As schools across the country are holding commencement exercises, schoolchildren from Barangay Palma Gil in Talaingod, Davao del Norte would be trudging, instead of marching, and going not up a stage to be applauded, but down from their mountain communities. In the process they have earned a new title – not graduates, but bakwit, evacuees, the displaced.
The first signs of trouble happened in early March, when a group of Talaingod Manobo women ran into a platoon of soldiers of the Armed Forces of the Philippines as they were making their way back to Bukidnon walking through the Pantaron Mountain Range. The group had just come from Nalubas, on the Talaingod side of the Pantaron, to fetch seeds for planting. Manobos on this portion of the Pantaron regularly walk back and forth between Bukidnon and Davao del Norte, oblivious to political boundaries. What they follow instead are the ancient paths of their ancestors that link their kinship networks until today, in spite of the relatively recent imposition of provincial divisions by the State.
The soldiers were looking precisely for a way through those ancient paths, which was allegedly why they accosted the group and forced them to act as guides. Two of the women escaped, but the elderly member of their company was unfortunately left behind.
For several days and nights the sixty-plus year old was forced to go ahead of the soldiers so that they can follow her through the mountains. According to her narration (which she was only able to give a few days ago due to the trauma she suffered), her hands were constantly bound; at nighttime when the soldiers set up camp even her feet were tied up too. They would feed her scraps and leave her out in the cold. A final and most grievous indignity was when the soldiers, on some kind of sick trip, took off her blouse and taunted her, making fun of her body and her tattoos.
Like the better known Kalinga in the Cordilleras, Manobos also have traditional tattooing called pangotoeb. But unlike their northern kindred, their practice is in a relatively better state of health, with several artists still performing their duties in their communities and younger people continuing to get tattoos. The tattoos the soldiers mocked is the typical pangotoeb design for Manobo women, composed of a series of thin lines running around their bellies and backs, often forming a thick band across their midsection. The Manobos we’ve talked with say that their pangotoeb are spiritual in meaning and are associated with their welfare in the afterlife. Making fun of their tattoos, therefore, would be tantamount to making fun of the veils of Muslim women, or of a crucifix hanging around a Christian’s neck.
Needless to say, the treatment that this Manobo lady received would be offensive and deplorable in any culture. She was only able to escape one night when the soldiers forgot to bind her legs.
Her’s was not the only story of captivity. On March 19, a group of Manobo schoolchildren, accompanied by one of their teachers and a purok leader, was allegedly held for more than an hour by troops from another platoon. The kids had been getting ready for their school’s recognition day by gathering crops in their fields. They said that the soldiers separated them in several groups and interrogated them: what kind of flag flew on your school’s pole?

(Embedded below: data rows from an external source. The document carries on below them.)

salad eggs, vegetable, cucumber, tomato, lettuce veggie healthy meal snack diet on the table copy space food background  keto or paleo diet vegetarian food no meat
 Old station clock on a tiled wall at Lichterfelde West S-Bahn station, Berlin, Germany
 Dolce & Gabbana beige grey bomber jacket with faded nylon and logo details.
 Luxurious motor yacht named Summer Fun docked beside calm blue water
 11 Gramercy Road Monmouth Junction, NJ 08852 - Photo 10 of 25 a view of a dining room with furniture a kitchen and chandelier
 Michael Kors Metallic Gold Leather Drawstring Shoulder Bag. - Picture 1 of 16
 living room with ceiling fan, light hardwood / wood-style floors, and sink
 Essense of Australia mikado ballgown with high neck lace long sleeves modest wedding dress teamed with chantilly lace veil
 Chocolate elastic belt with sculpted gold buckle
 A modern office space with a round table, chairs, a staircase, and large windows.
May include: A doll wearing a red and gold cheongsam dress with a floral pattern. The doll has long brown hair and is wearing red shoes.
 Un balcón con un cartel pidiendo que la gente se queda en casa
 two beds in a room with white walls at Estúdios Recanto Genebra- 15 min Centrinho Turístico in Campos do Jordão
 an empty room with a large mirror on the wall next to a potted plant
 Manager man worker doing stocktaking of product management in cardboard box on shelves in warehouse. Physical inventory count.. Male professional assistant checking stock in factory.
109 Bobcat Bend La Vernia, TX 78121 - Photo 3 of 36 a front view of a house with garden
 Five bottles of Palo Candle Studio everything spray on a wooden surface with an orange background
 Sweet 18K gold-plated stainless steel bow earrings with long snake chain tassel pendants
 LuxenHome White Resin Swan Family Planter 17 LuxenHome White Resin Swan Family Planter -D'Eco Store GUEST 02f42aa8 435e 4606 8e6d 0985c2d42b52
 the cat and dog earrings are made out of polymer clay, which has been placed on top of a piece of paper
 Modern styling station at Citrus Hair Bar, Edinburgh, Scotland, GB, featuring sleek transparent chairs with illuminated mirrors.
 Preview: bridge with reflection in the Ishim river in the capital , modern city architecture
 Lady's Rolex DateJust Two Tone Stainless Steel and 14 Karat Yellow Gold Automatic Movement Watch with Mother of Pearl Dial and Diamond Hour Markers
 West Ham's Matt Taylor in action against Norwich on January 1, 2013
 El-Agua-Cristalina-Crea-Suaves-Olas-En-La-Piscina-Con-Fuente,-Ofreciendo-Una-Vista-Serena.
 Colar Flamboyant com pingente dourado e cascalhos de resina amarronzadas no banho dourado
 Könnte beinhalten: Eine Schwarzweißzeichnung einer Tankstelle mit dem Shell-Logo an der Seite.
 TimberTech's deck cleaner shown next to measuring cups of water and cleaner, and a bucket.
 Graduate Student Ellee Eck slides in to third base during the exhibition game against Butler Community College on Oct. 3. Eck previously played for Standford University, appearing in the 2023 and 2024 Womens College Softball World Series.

Can you show us where the armed men are?
The questions sound most absurd; unfortunately they are nothing new to those who work with indigenous schools in the area. The same questions have been asked of dozens of terrified schoolchildren and their teachers across the region for a few years now, also always by soldiers, in an apparent effort to discredit these schools by claiming that they are run by the New People’s Army. This red-tagging and deliberate sabotage of locally built-up educational institutions is one of the hidden shames of the Philippine government, one that I will tackle further in another column.
As if the reports of arbitrary detentions were not enough, by March 20 the scattered Manobo communities on the Talaingod side began to be subjected to aerial bombardment. Panicked texts began to be received by friends here in Davao City. Salugpungan Ta Tanu Igkanugon, the federation of Manobo communities, releases a statement demanding the immediate cessation of hostilities, but the bombing turns out to be just the prelude to the outright takeover of their communities by members of the armed forces.
As the soldiers move into the interior village of Nalubas, they set up their camps right in the middle of the civilian populace, and on the grounds of school, in violation of various Philippine laws. But this is nothing compared to the territorial and moral trespass the soldiers committed by marching through the sacred ground of the panubaran in Nalubas.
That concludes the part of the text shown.